FCC Fines Google for Obstruction in Street View Scuffle


ADOTAS – Over the weekend, the Federal Communications Commission censured Google for obstructing an investigation into whether the search behemoth had gathered and stored data from unencrypted wireless networks while researching Google Street View, and it fined Google $25,000, which the company may appeal.

Between 2008 and 2010, in addition to photographing every street possible from multiple angles, Google was collecting information about nearby wireless networks, in order to help improve local searches. But the Street View cars rolling through neighborhoods were also collecting information about the activities people were conducting online or on their mobiles as the vehicles passed. That’s not necessarily what Google had intended, but that’s what how the program used to collect the data was coded. The engineer who wrote the program invoked the Fifth Amendment during FCC proceedings, while Google said it hadn’t authorized the collection of personal data.  A statement from Google called the inclusion of that code “a mistake… but we believe we did nothing illegal.”

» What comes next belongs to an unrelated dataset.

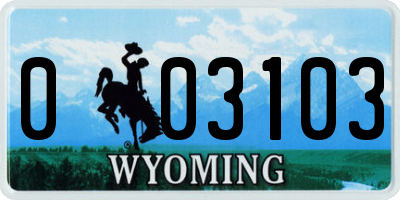 WY license plate 003103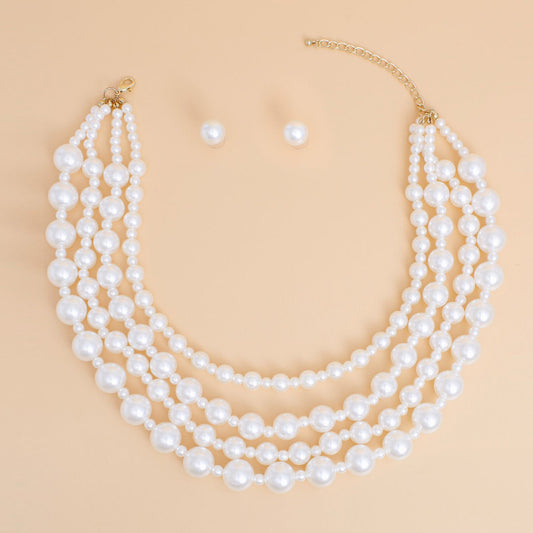 Pearl Necklace Cream Chunky 4 Strand Set for Women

To be clear, the FCC’s decision doesn’t indicate Google did anything illegal, either. Reports out over the weekend say Google didn’t even look at the personal data while the Street View cars were collecting it. The search giant received a relative pittance of a fine for a lack of cooperation: It initially denied that it had collected any such data, then denied the level of detail the data went into. Meanwhile, while the company said the collection of personal data was unauthorized, the engineer who wrote the program said other Googlers knew that it had accessed personal data.

The FCC first opened this investigation into Google in October of 2010, on the same day the FTC wrapped up its own investigation. Several sources reported on the fine and contributed analysis, including the Wall Street Journal and the New York Times.


  1. This is all the evidence we need that big brands are virtually untouchable by our current regulatory and legal systems. Why didn’t they just fine them $1 – that would be as meaningful as this pittance.